Andreas M. Georgiou
Andreas M. Georgiou
About the Artist
Andreas M. Georgiou (b.1985) studied Painting at the School of Fine Arts, Aristotelian University of Thessaloniki in Greece before going on to complete an MA in Fine Art at Central St. Martins College of Art and Design in London, UK.
His inspirations and influences derive from the disciplines of painting and sculpture, as well as from performing art, pursuing mostly the idea of recording actions. His work presents an attempt to capture the energy of the human body and he is highly attracted by the ways this energy is transmitted through an action, out of the body, into the space, and is documented in visual forms. Balancing between painting, drawing, sculpture, and documentation he explores material and immaterial records of bodily gestures in relation to time, form and mass. His artefacts are the traces of his own gestures and the results of passing through several mediums.
WORK IN PROGRESS
Andreas M. Georgiou’s work explores bodily gestures and body energy in relation to material. His artworks often function not just as defined artefacts but also as records of time, position and experience.
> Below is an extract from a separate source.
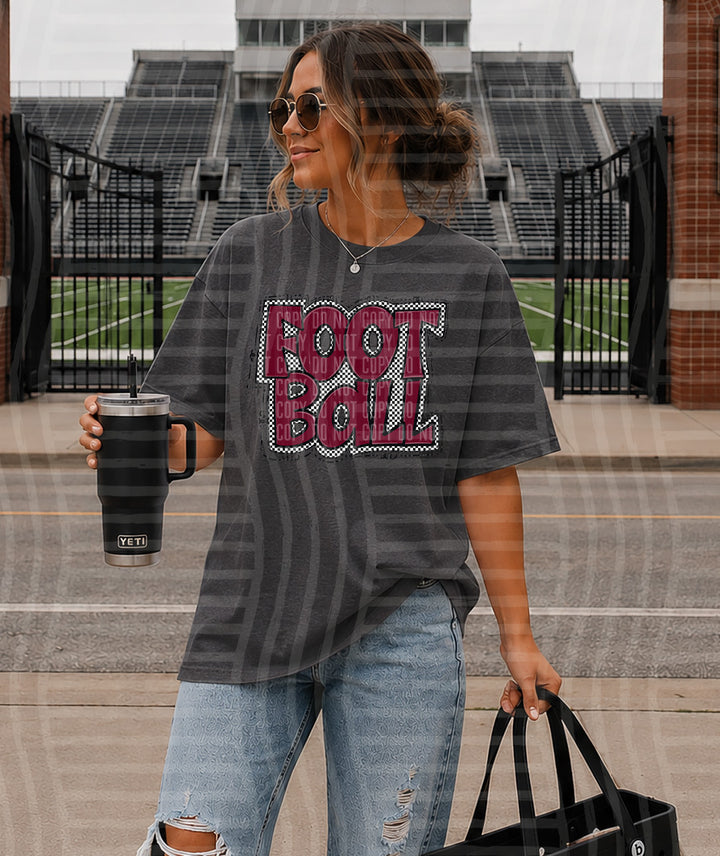 Preppy Checker Football DTF Print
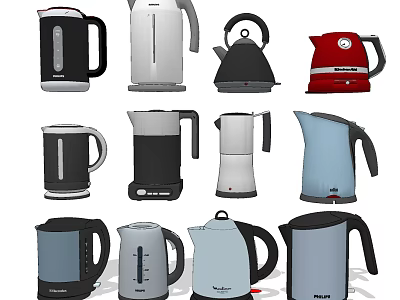 Stylish Modern Electric Kettles for Daily Use with Various Colors and Designs 3d model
His latest work in progress explores the formulation of raw material, terracotta clay, by using simple gestures. He creates palm-sized sculptures of body imprints and represent them through drawing, altering their scale to extremely large formats. The transition of a three-dimensional sculpture into a two-dimensional drawing is a process of metousiosis, in other words a process of change across substances. With the use of clay, an action is turned into an affixed object and then through the labouring process of realistic drawing it becomes a monumental representation of it. This procedure credits the work as a record of actions; that of moulding and drawing, as well as a record of time duration. How does a spontaneous force against the material convert into a long meticulous process of drawing? What do these records convey about the material in relation to the body? Central to his work is the issue of scale, the transformation of a human-sized sculptural element into a monumental form that references the nature. The underpinning concern of this project is the link between micro and macro records of the work and its analogy to the individual against the cosmos. What is crucial here is the use of organic materials that alludes to the notions of land, identity and topographies. As the work develops in micro and macro scale and comprises sculptural and drawing work it explores the notions of identity and individuality in relation to the land and opens a dialogue between boundaries, culture and land.